* **About this task**
Without any pictures, retype exactly the lines that begin at the one holding "myfreecams-egyptbeauty-webcam-show-05_04_2016-01_58_19" and end at the last line of the data below.

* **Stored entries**
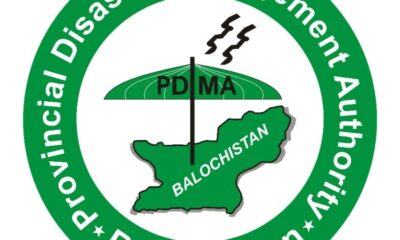 Balochistan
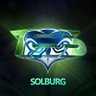 Profilbild von BoLT Solburg
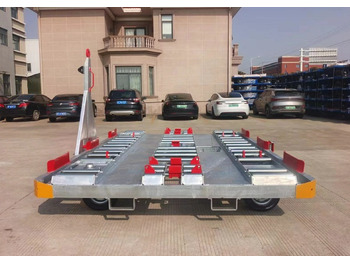 Аэродромная техника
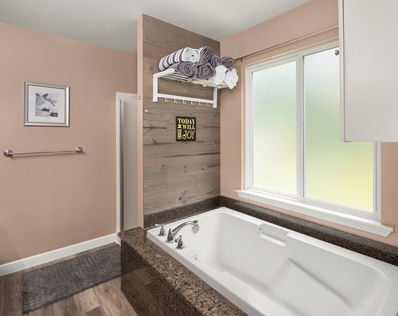 1581 SE Dews Lane, Port Orchaerd, WA 98204 - Upgrade Realty27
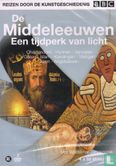 De Middeleeuwen - Een tijdperk van licht - Image 1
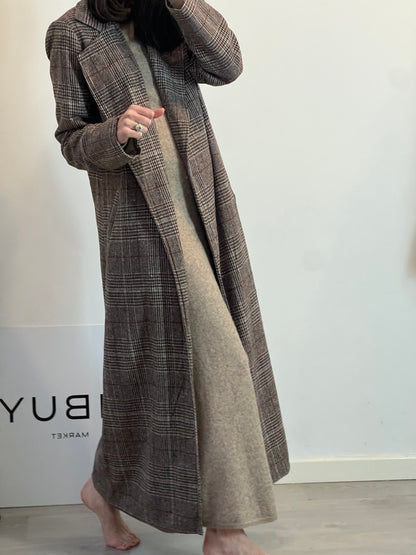 ZARA. Mustard textured back top. TS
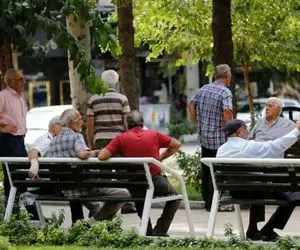 زمان اجرای احکام متناسب سازی بازنشستگان لشگری اعلام شد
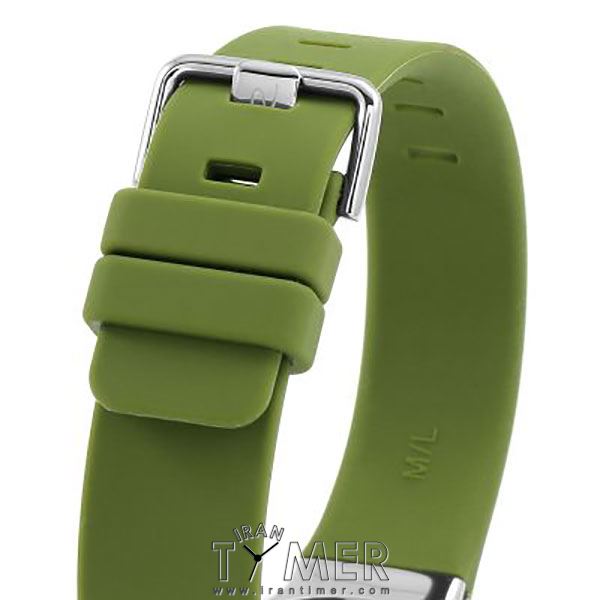 قیمت و خرید ساعت مچی زنانه برینگ(BERING) مدل B15531-800 کلاسیک | اورجینال و اصلی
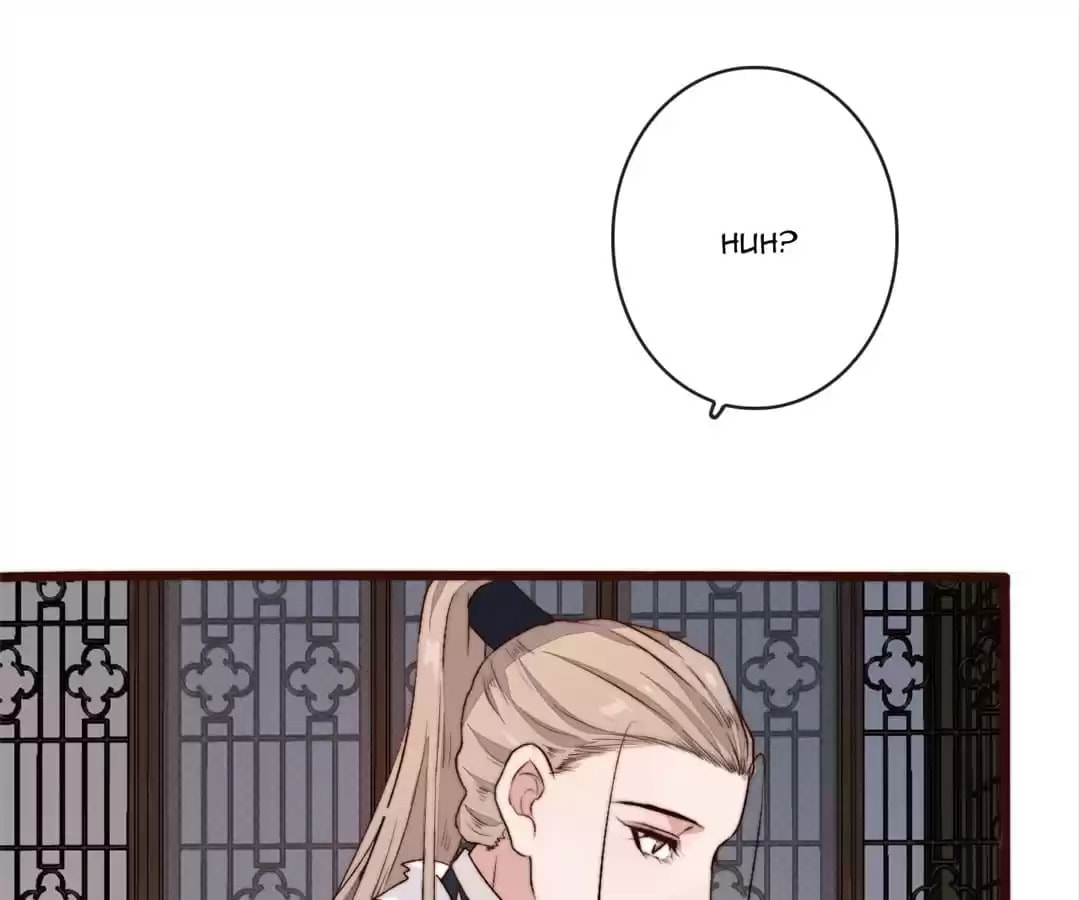 Read Lost and Found (Colored) chapter 99 image 24 on Lezhin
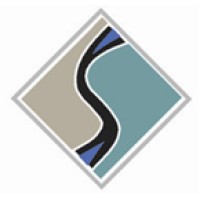 Clearspring Energy Advisors logo - Similar company to Logan Peak Cre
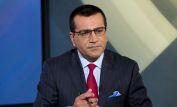 Martin Bashir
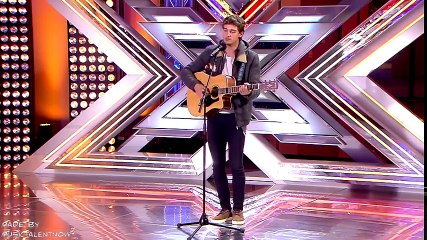 Top 7  MOST EMOTIONAL ACTS  on Got Talent and X Factor 2018 WORLD WIDE!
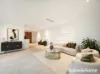 6 Toni Crescent, Ryde, NSW 2112-Image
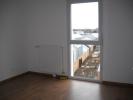 Louer Appartement Nantes 602 euros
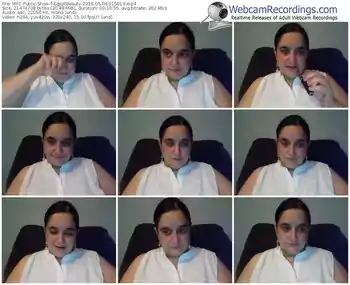 myfreecams-egyptbeauty-webcam-show-05_04_2016-01_58_19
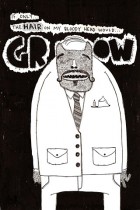 Grow by Nathan Chan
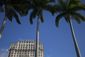 travel_rio_museum_of_yesterday_95808.jpg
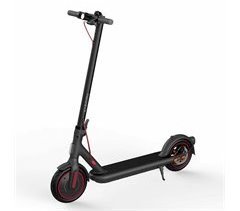 Patinete Eléctrico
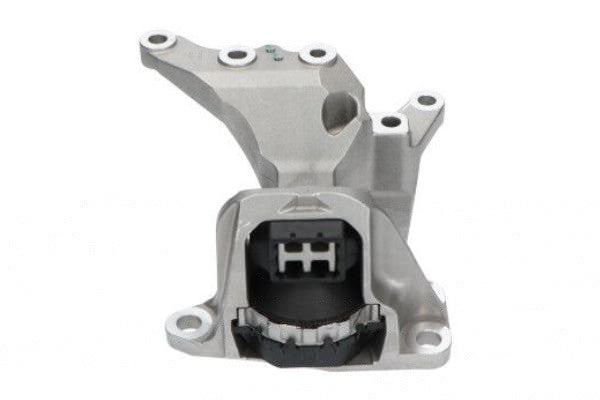Soporte de motor GOOM EM-1380 (OE 112104BB0B)
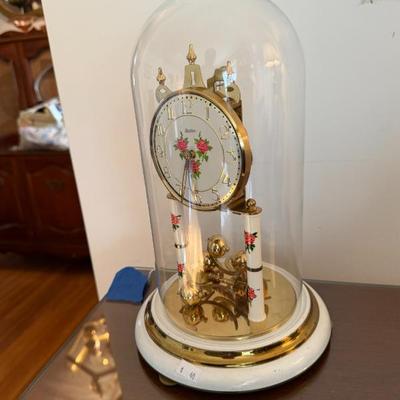 Sale Photo Thumbnail #24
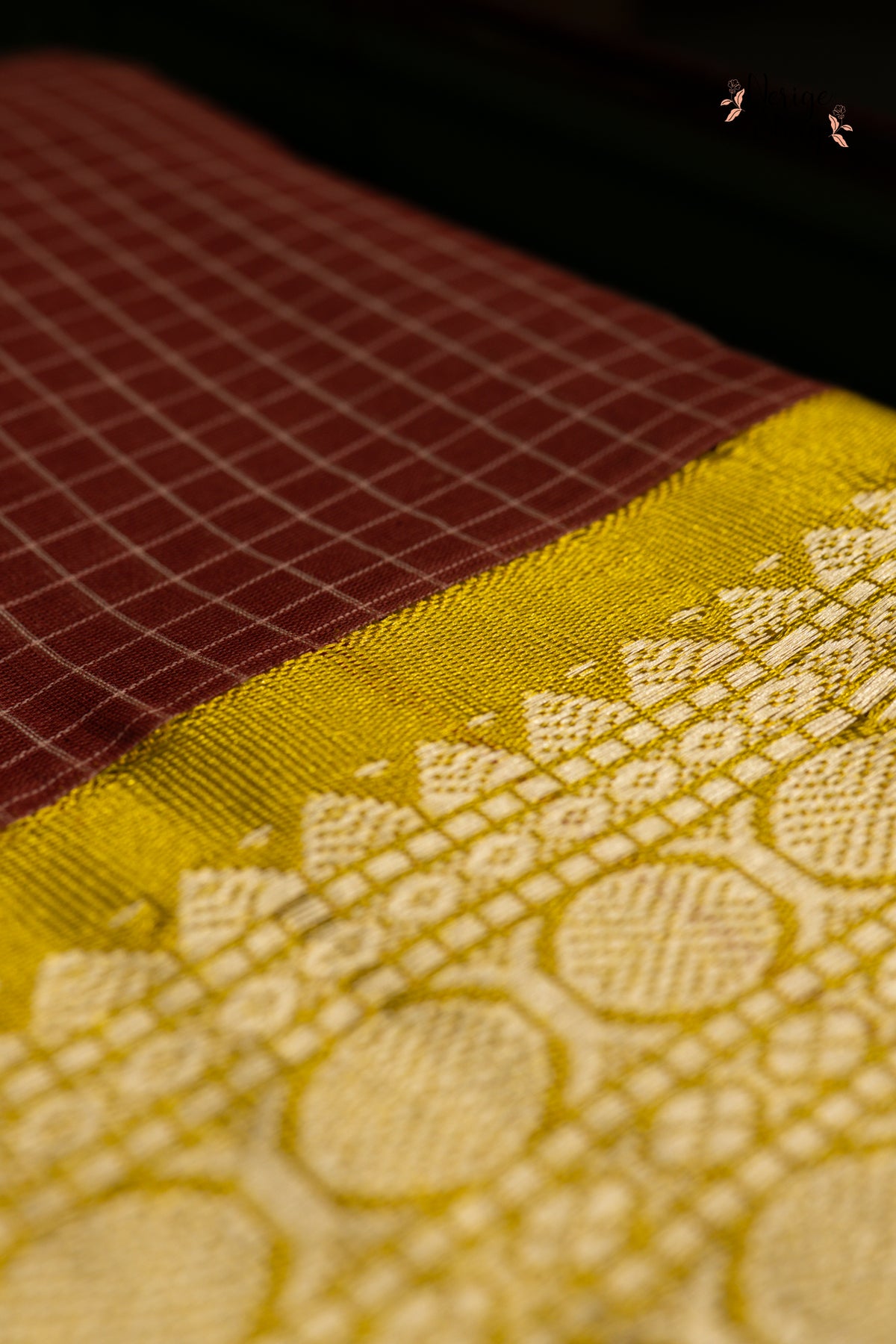 MANJULIKA (మంజులికా)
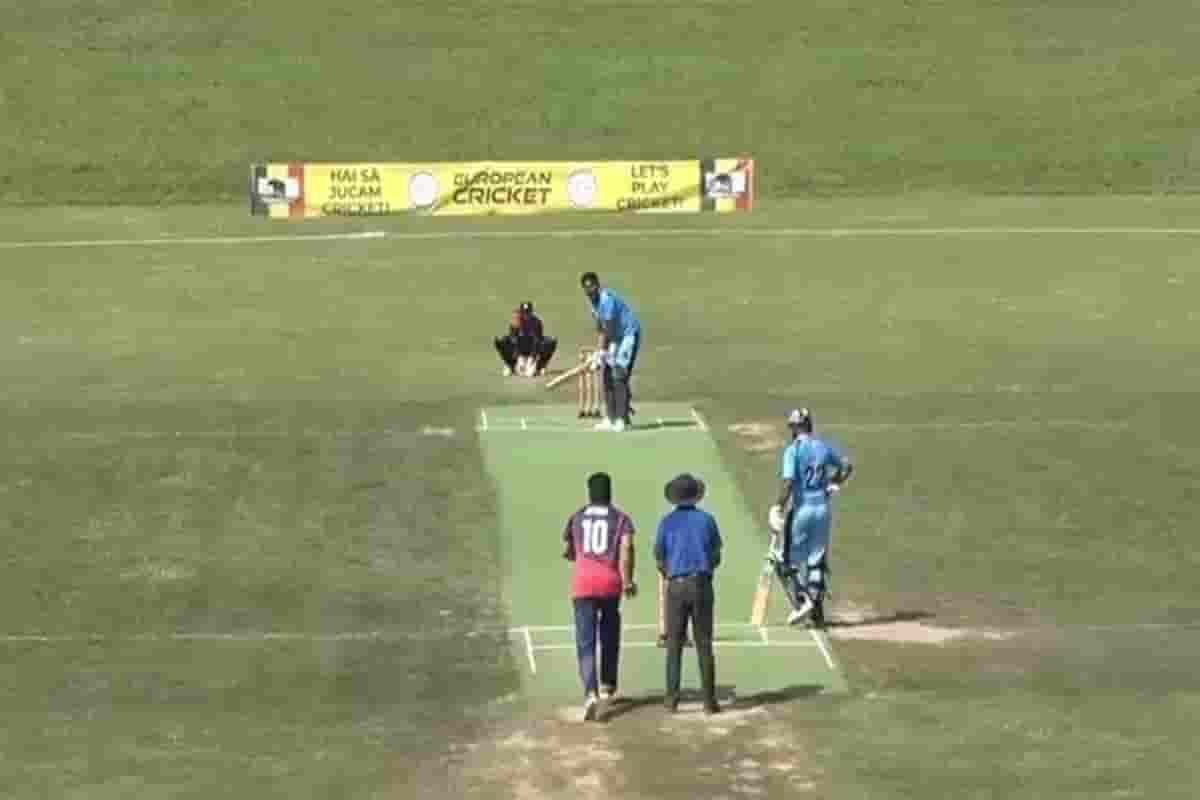 NCT vs CES Dream11 Team Prediction, Nicosia Tigers vs Cyprus Eagles Live Streaming, Live Score, Squads, Venue, Timing: ECS T10 Cyprus 2021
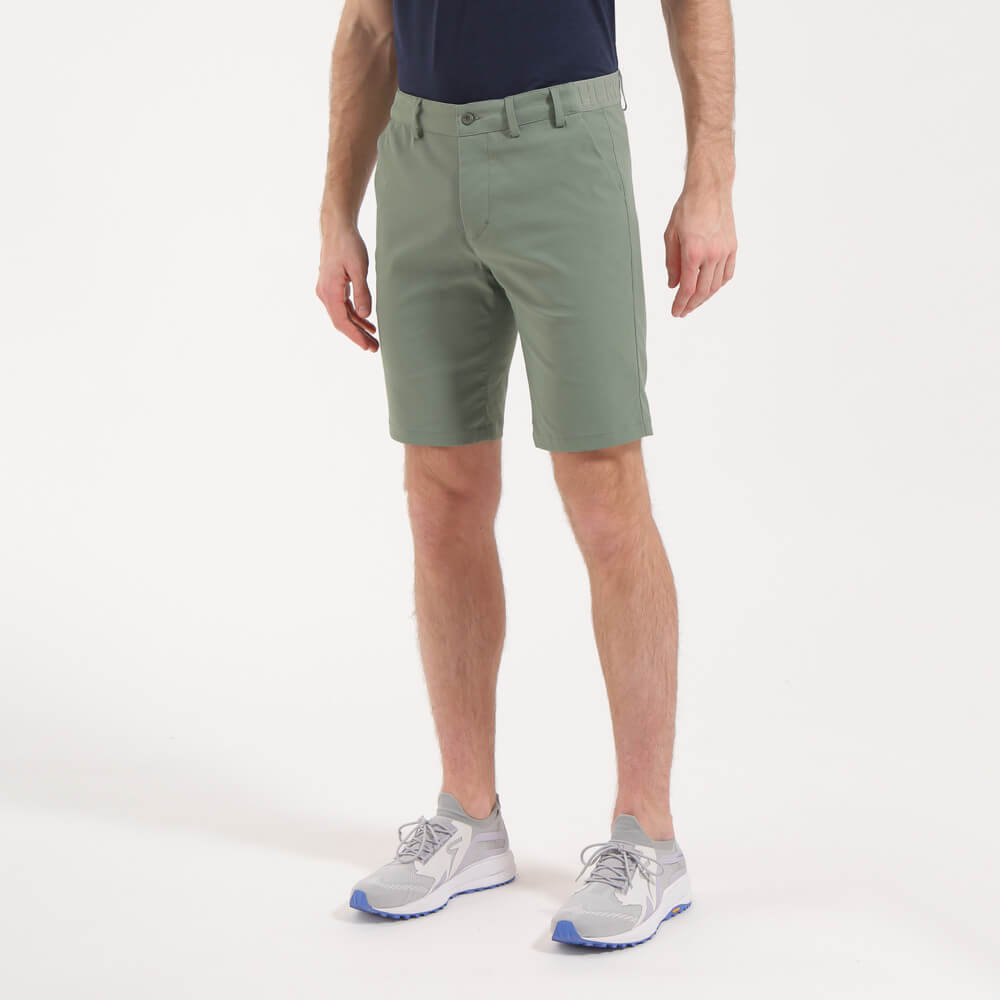 GIRELLI | SUNBLOCK® WELT POCKET SHORT - Chervò USA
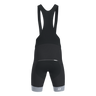 Venom Bib Shorts Men (10089703080211)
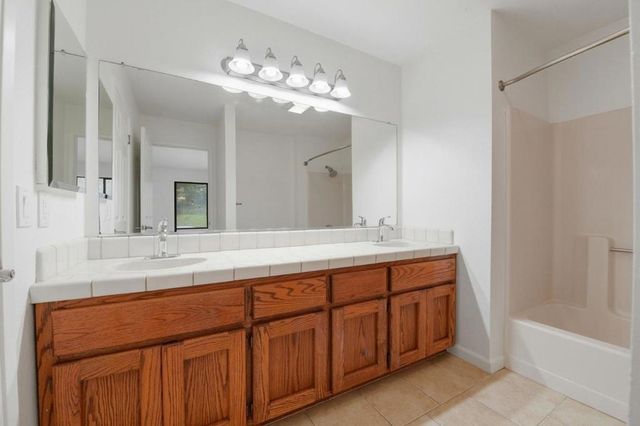 125 Arabian Way, Scotts Valley, CA 95066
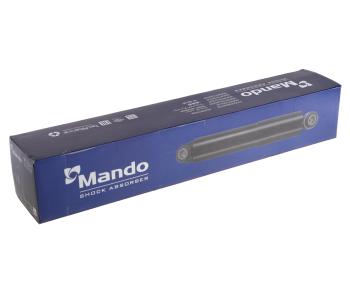 8 899 р. Амортизатор MAN F90 передний (385646 14х67 16х50 IO) MANDO MANDO mss016747  с доставкой в г. Майкоп. Увеличить фотографию 4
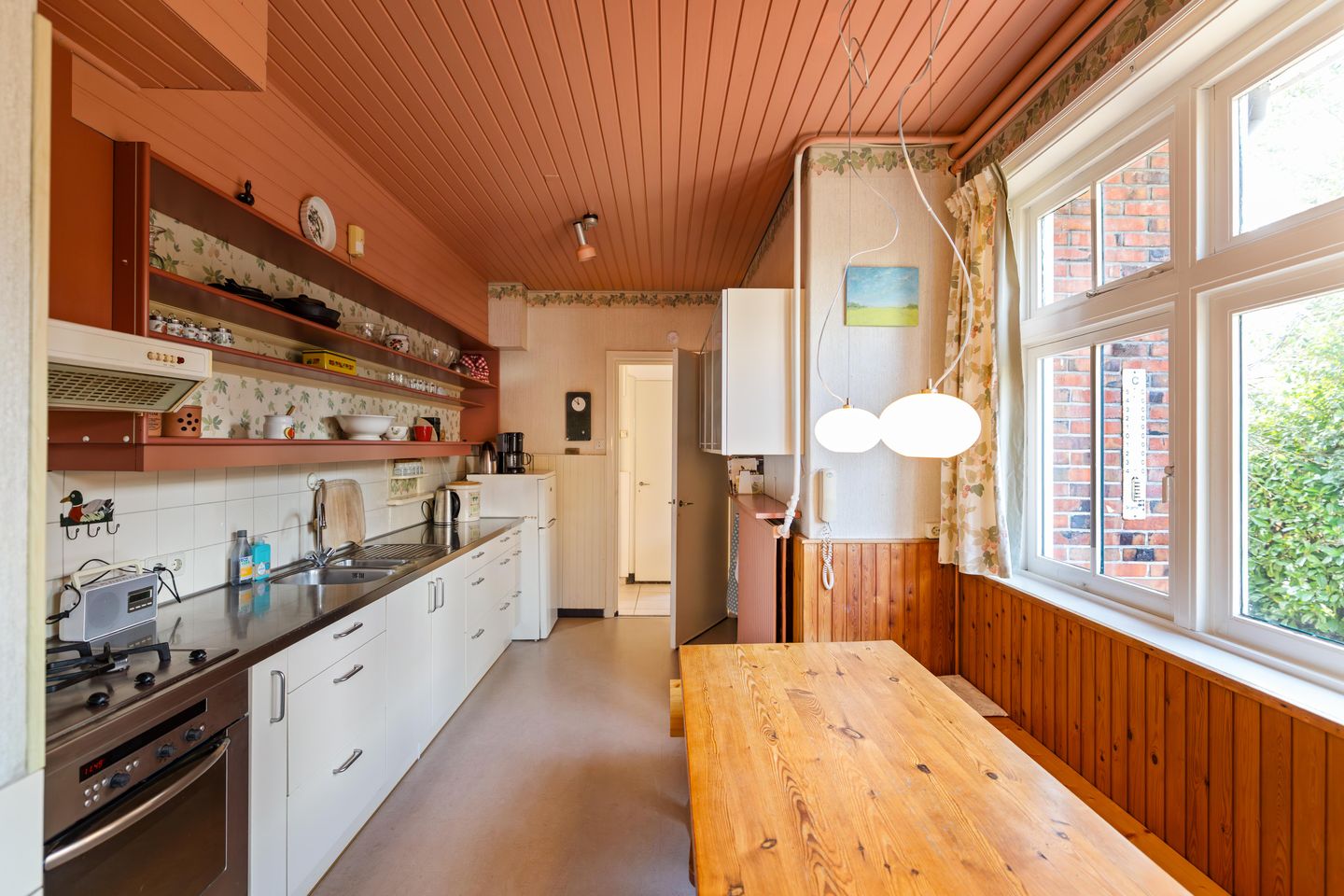 Foto 14 van Emmalaan 5-A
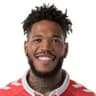 Dominic Vinícius Eberechukwu Uzoukwu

* **Worked solution**
 myfreecams-egyptbeauty-webcam-show-05_04_2016-01_58_19
 Grow by Nathan Chan
 travel_rio_museum_of_yesterday_95808.jpg
 Patinete Eléctrico
Soporte de motor GOOM EM-1380 (OE 112104BB0B)
 Sale Photo Thumbnail #24
 MANJULIKA (మంజులికా)
 NCT vs CES Dream11 Team Prediction, Nicosia Tigers vs Cyprus Eagles Live Streaming, Live Score, Squads, Venue, Timing: ECS T10 Cyprus 2021
 GIRELLI | SUNBLOCK® WELT POCKET SHORT - Chervò USA
 Venom Bib Shorts Men (10089703080211)
 125 Arabian Way, Scotts Valley, CA 95066
 8 899 р. Амортизатор MAN F90 передний (385646 14х67 16х50 IO) MANDO MANDO mss016747  с доставкой в г. Майкоп. Увеличить фотографию 4
 Foto 14 van Emmalaan 5-A
 Dominic Vinícius Eberechukwu Uzoukwu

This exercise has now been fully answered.